Quote: John 15:18-21, 16:1-4a
- A cross is the suffering, rejection and opposition that inevitably comes with making Christ Lord of our life. Our focus will not be on suffering, but on Christ; and with it comes his peace, his joy and the fulfillment of a meaningful, significant life. Christ is worthy of our whole existence as we willingly follow in good times as well as bad.
- Cross-bearing is a predisposition which no amount of trouble will change. There are no surprises which will derail the committed disciple. Missionaries have always experienced loneliness, often diseases and death of loved one, burdens which almost overwhelm and opposition from the evil one. But they persevere and cast their burdens on the Lord.
- Cross-bearing is an individual experience. Bonhoffer wrote just days before he was hung, "every committed disciple has his own cross waiting for him, a cross designed and appointed by God. Each must endure his allotted share of suffering and rejection. But each has a different share: some God deems worthy of the highest form of suffering, and gives them the grace of martyrdom. While others he does not allow to be tempted above that which they are able to bear."
- That leads to the conclusion that cross-bearing is inevitable when we follow Christ.

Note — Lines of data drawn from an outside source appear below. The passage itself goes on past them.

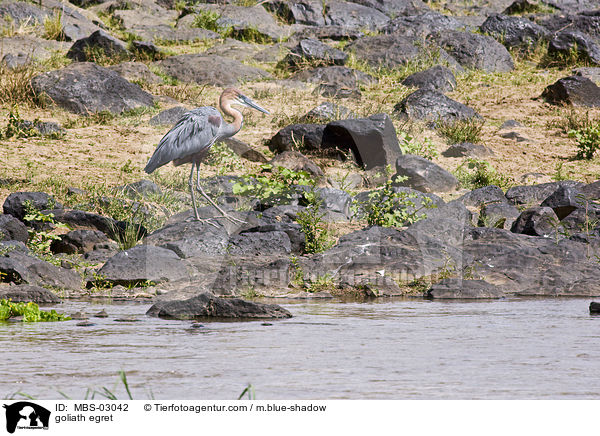 goliath egret / MBS-03042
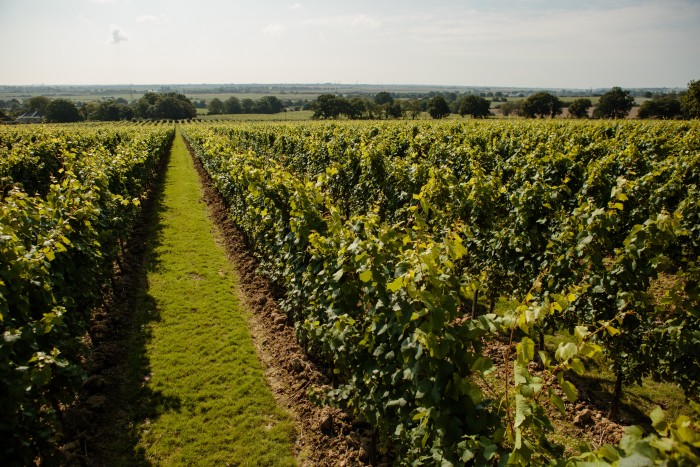 Gusbourne winery in Kent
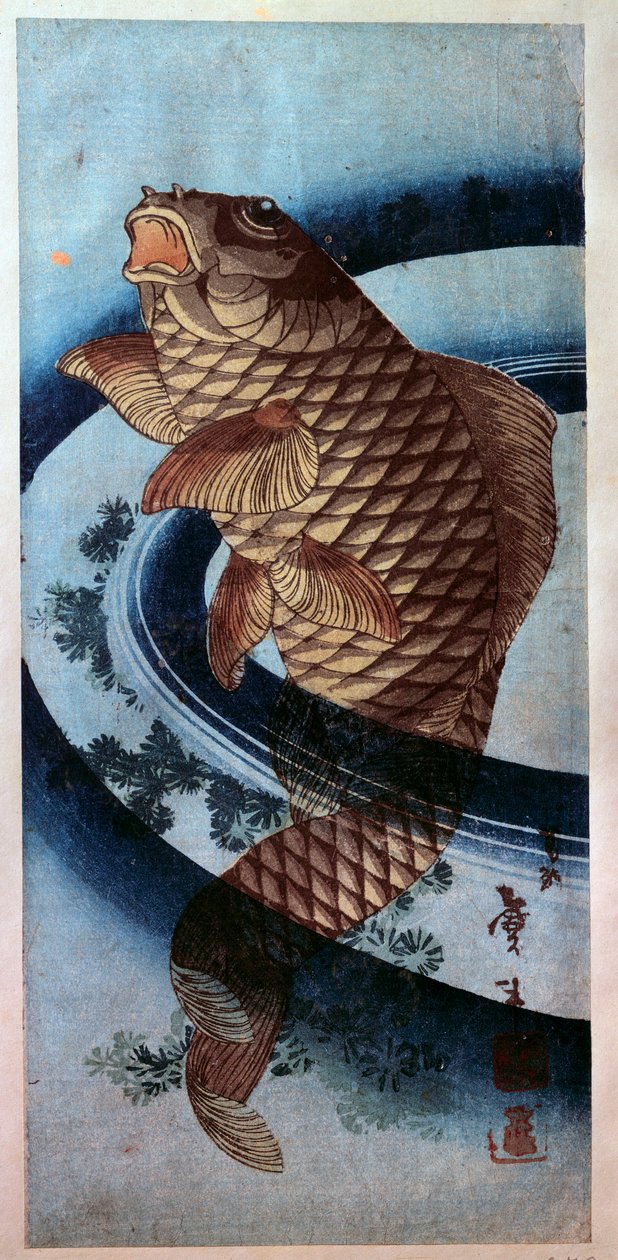 Japanilainen taide: karppi. vedos Katsushika Hokusai (1760-1849) 1800-luvun Pariisi, Musee Guimet tekijältä Katsushika Hokusai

The reality is that this world is hostile to Jesus - the rejection and ultimately the crucifixion where the direct result of Christ being a threat to the god of this world, and, of course, God's wisdom defeated and disarmed Satan through Christ's death and resurrection. So it is inevitable that as we live out the truth and principles of Christ before a watching world it will be uncomfortable and unsettling to them. If we do not live as counterculture disciples the world will not know there is an alternative. The world's response is likely to be intimidation, being maligned and taunted. Our life should express confidence, compassion and courage as we continue to speak the truth in love.

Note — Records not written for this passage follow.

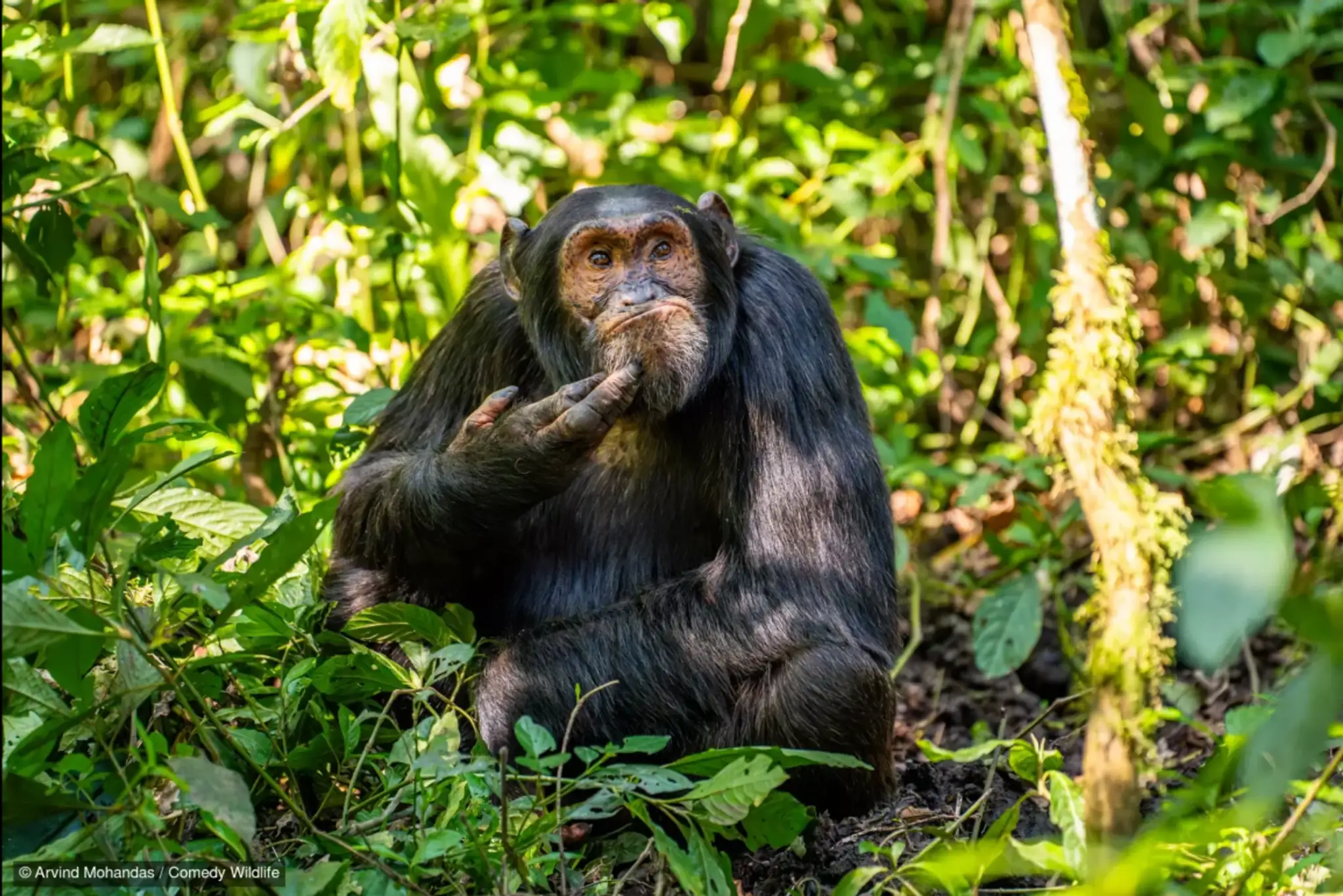 The Contemplative Chimpanzee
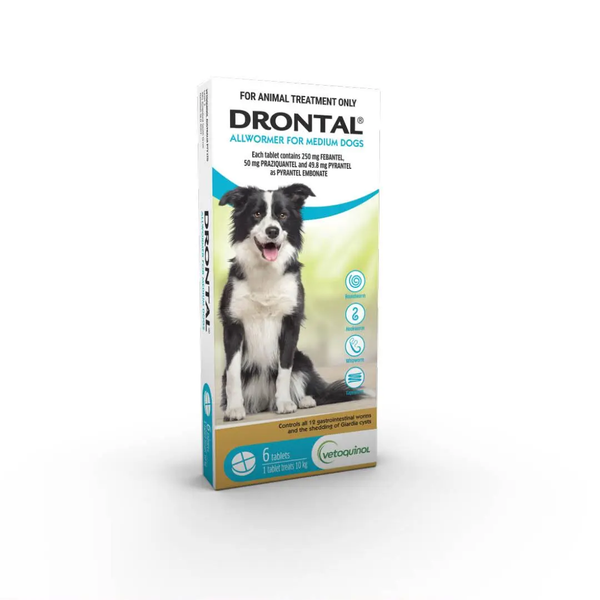 Drontal Allwormer Tablets Medium Dog 6 Pack (Febantel, Praziquantel Pyrantel as Pyrantel Embonate)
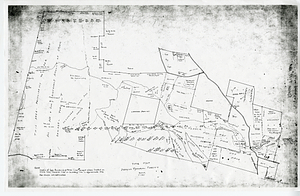 Draft Type Map of Hopkins Forest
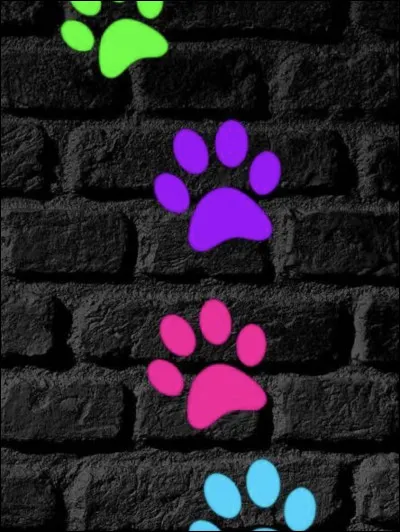 Aimes-tu les animaux ?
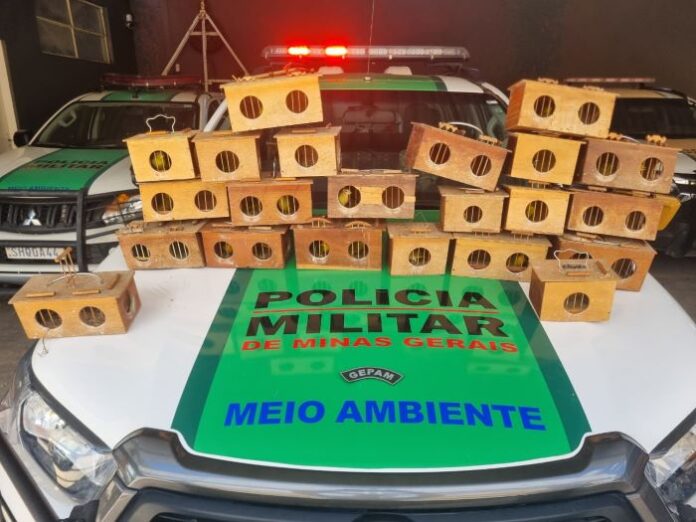 GEPAM apreende 34 pássaros em cativeiro irregular no bairro Bela Vista
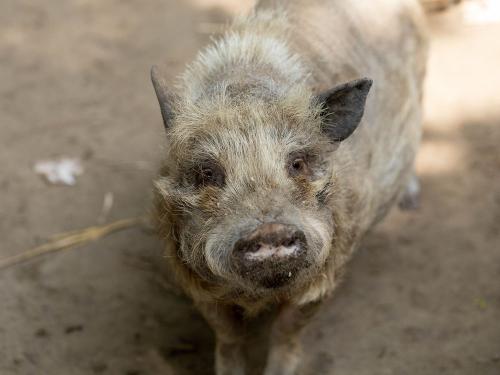 Hofschwein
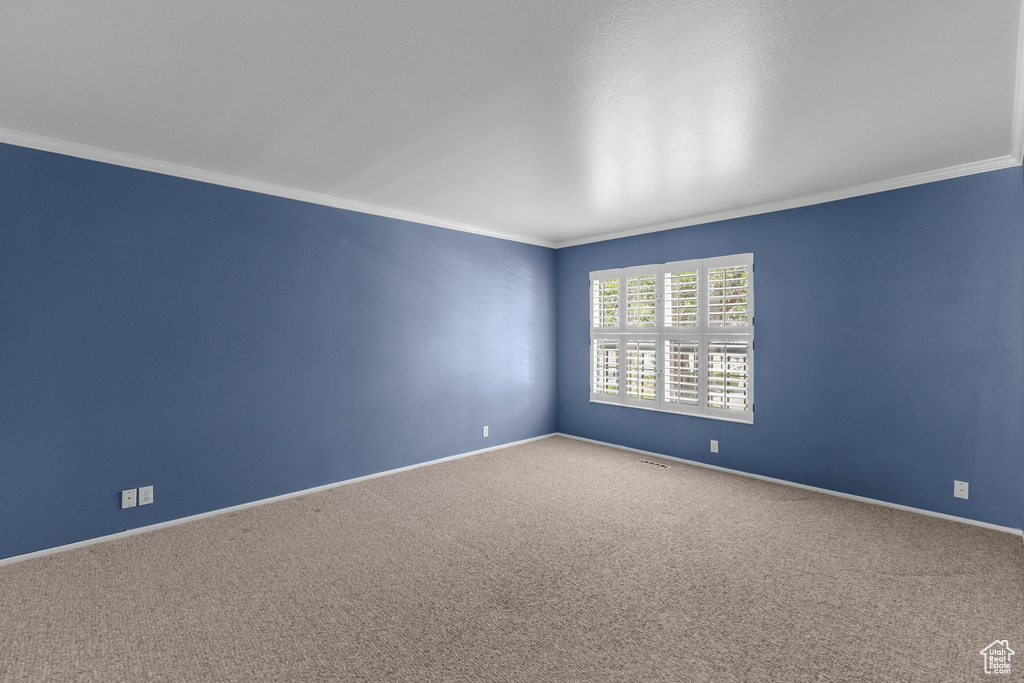 Spare room with crown molding and carpet flooring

Jesus warned his disciples about this inevitable response in John 15 and 16.
Did you realize that more Christians are dying as martyrs in this season of Church history than in all the other seasons combined? Let me enumerate the countries I know about.

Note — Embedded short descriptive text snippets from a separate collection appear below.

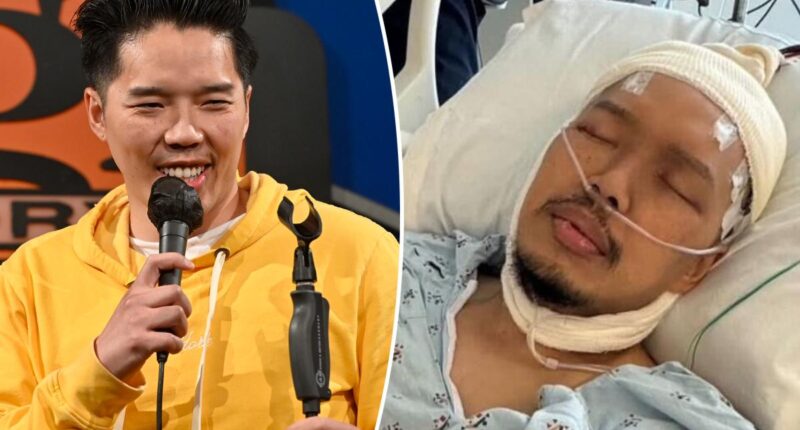 Comedian Alex Duong made a heartbreaking comment on social media just weeks before succumbing to cancer at 42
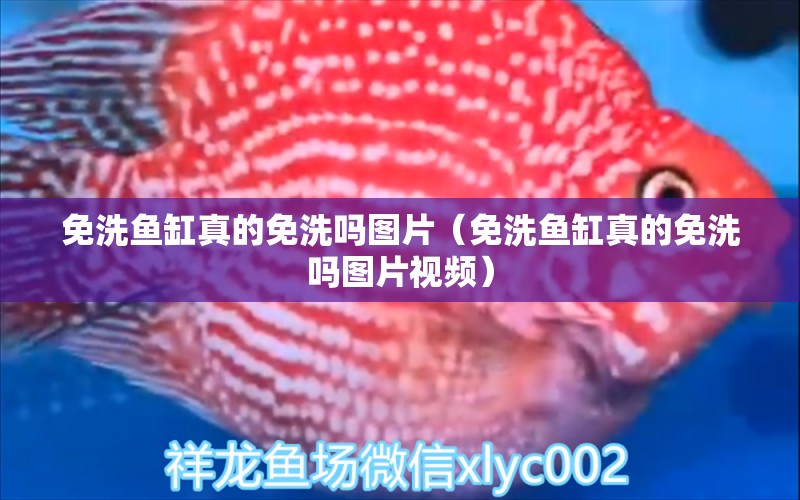 免洗魚缸真的免洗嗎圖片（免洗魚缸真的免洗嗎圖片視頻） 沖氧泵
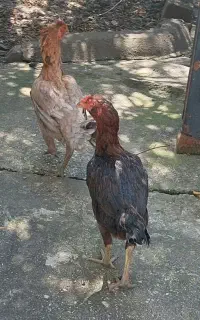 ۳تا مرغ و ۱ خروس لاری اصیل
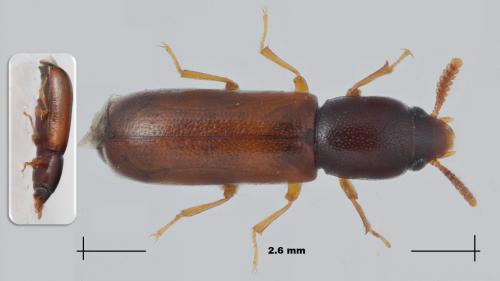 Réf. 262 689 : Corticeus linearis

- Peru - Juecha Indian church killed by Shining Patrol guerrillas.
- Islamic countries: Sudan - 1,000s of boys kidnapped to be Islamised; 1,000s of Christians sold as slaves sent to Libya. 1,000s pushed into desert with no food. Many massacres, even crucifixion of Christians.
- In Vietnam - severe repression of Christians being denied education, food, medical aid. Pastors write, "We don't struggle with materialism because there are not materials for us to struggle with. We are poor and face may difficulties, but God is blessing and causing the church to grow."
- In Ethiopia 1994 - Officials raided the church, killed 1,000s, pastor tortured, eyes dug out.
- In Iran - Pastor killed in 1994 - very few Christians left there.
- In Pakistan - Christians are regularly sentenced to death.
- In China - House church leaders are beaten, tortured, imprisoned and churches forbidden to meet. But the church is growing even through suffering - now 50-60 million.
These fully devoted disciples remain faithful to the "fellowship of sharing in Christ's sufferings." (Phil. 3:10)
By contrast, the crosses we bear here are as light as balsa wood. We struggle with whether or not to raise our level of financial giving above the 5% required to be on the Servant Team. Or whether to let it be know at our work place that we are a Christian.
I think a real cross may consist of the struggle to extricate ourselves from the ungodly lifestyle we lived before we became Christians. Addictions and sins of all kinds cause great agony of heart, body and soul. Handout and go over some aspects of Sin & Temptation.
Fortunately, we know that God has planned a far better place where there is no suffering, sorrow or pain. The balance of a life as a disciple of Jesus Christ has its seasons of joy, great relationships and the experience of being in the Body of Christ. In addition, the satisfaction of knowing the certainty of glory and gain "for whoever wants to save his life will lose it, but whoever loses his life for me and for the gospel will save it." (Mark 8:35).